Restaurante em São Paulo tem só drinks e chopp sem álcool em seu cardápio  - Karime Xavier/Folhapress
Restaurante em São Paulo tem só drinks e chopp sem álcool em seu cardápio Imagem: Karime Xavier/Folhapress

Luiza Pollo

Da agência Eder Content, em colaboração para o TAB

29/11/2019 04h01

Quem entra no Astor, SubAstor ou no Bar do Cofre SubAstor em São Paulo, provavelmente quer provar um coquetel assinado pelo italiano Fabio La Pietra, premiado diretor criativo e bartender das casas renomadas. Já quem não consome álcool (seja porque está tomando remédio, porque vai dirigir, por motivos religiosos ou simplesmente porque não quer beber) pode se sentir meio deslocado com uma aguinha ou um refrigerante nos ambientes glamourosos com luz baixa.

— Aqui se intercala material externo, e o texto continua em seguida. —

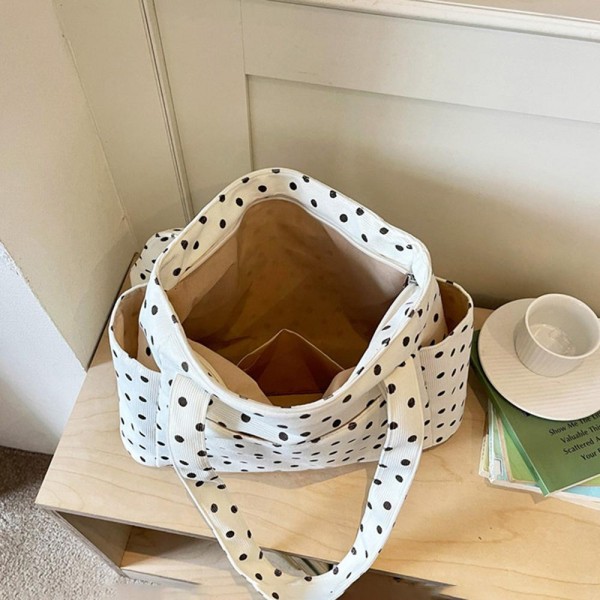 Quilted polka dot tote bag with a roomy main compartment, twin shoulder straps, and open side pockets sized for a phone or a water bottle. The lightweight body holds its shape when packed and folds down flat for storage between trips. A practical everyday carry that covers work, the gym, and weekend errands without looking like a gym bag. Printed totes at this price point move well as an add on beside the register.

Mas não precisa ser assim. La Pietra prepara coquetéis de baixo ou zero nível alcóolico com a mesma criatividade e cuidado que os alcoólicos, e prevê que cada vez mais os bares vão investir em opções sem álcool.

Seguindo o que considera uma tendência mundial, o italiano criou recentemente novos drinks nessa gama para o cardápio do Bar do Cofre, e conta que prepara diversas outras opções para os clientes nos estabelecimentos em que trabalha.

Com experiência de coquetelaria em diversas cidades no mundo, ele explica que vê cada vez mais clientes procurando essas alternativas. "A tendência mais forte é a do low-alcohol. Você consegue provar mais drinques, porque o custo é menor é não tem o mesmo peso do álcool", observa La Pietra.

It?s a beautiful night to come check out our new sandwich boards.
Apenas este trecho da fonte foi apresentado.